TASK ITEM> Your answer should consist only of the records, copied exactly, with the images removed.

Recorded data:
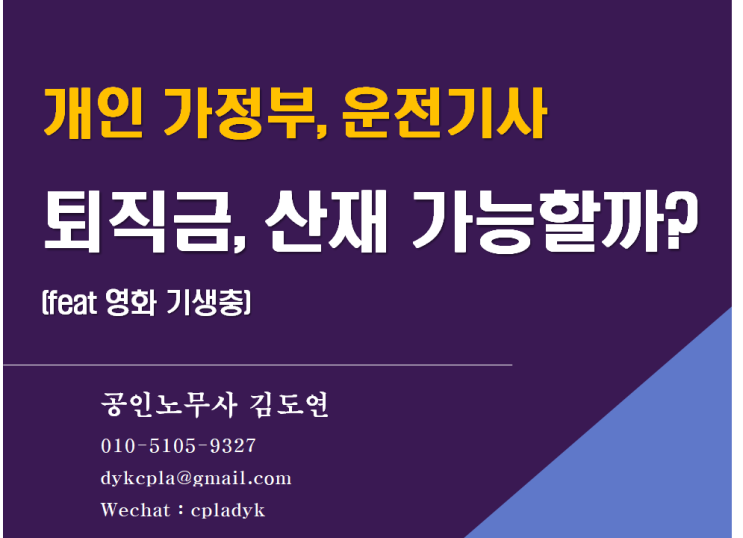 [김노무사 무료상담] &lt;개인 가정부, 운전기사&gt; 퇴직금, 산재 가능할까? (feat 영화 기생충) (가사사용인)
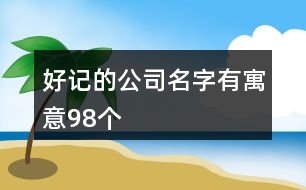 好記的公司名字有寓意98個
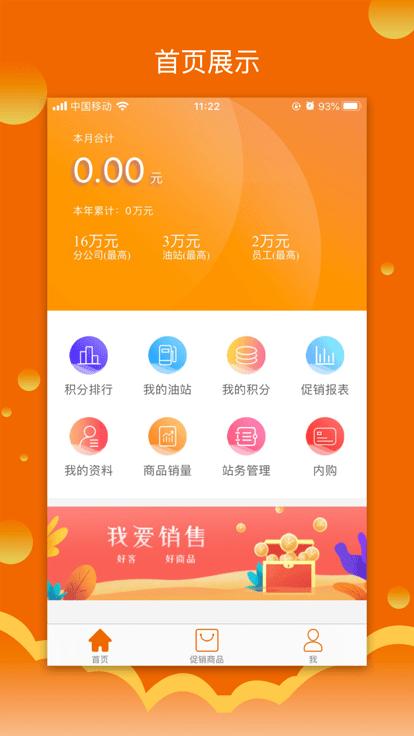 我爱销售平台官方版下载,我爱销售,销售app,加油站销售app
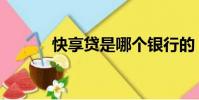 快享貸是哪個銀行的(快享貸)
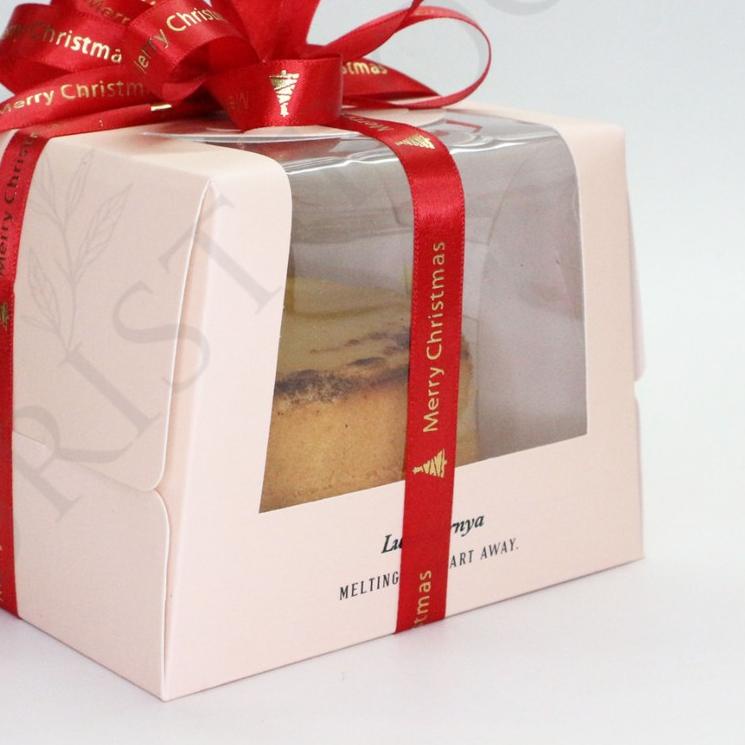 

☆ Pita Satin Merry Christmas ±1.5cm x 20 yard - Pita Natal ☀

RESULT FOR THIS TASK>
 [김노무사 무료상담] &lt;개인 가정부, 운전기사&gt; 퇴직금, 산재 가능할까? (feat 영화 기생충) (가사사용인)
 好記的公司名字有寓意98個
 我爱销售平台官方版下载,我爱销售,销售app,加油站销售app
 快享貸是哪個銀行的(快享貸)

☆ Pita Satin Merry Christmas ±1.5cm x 20 yard - Pita Natal ☀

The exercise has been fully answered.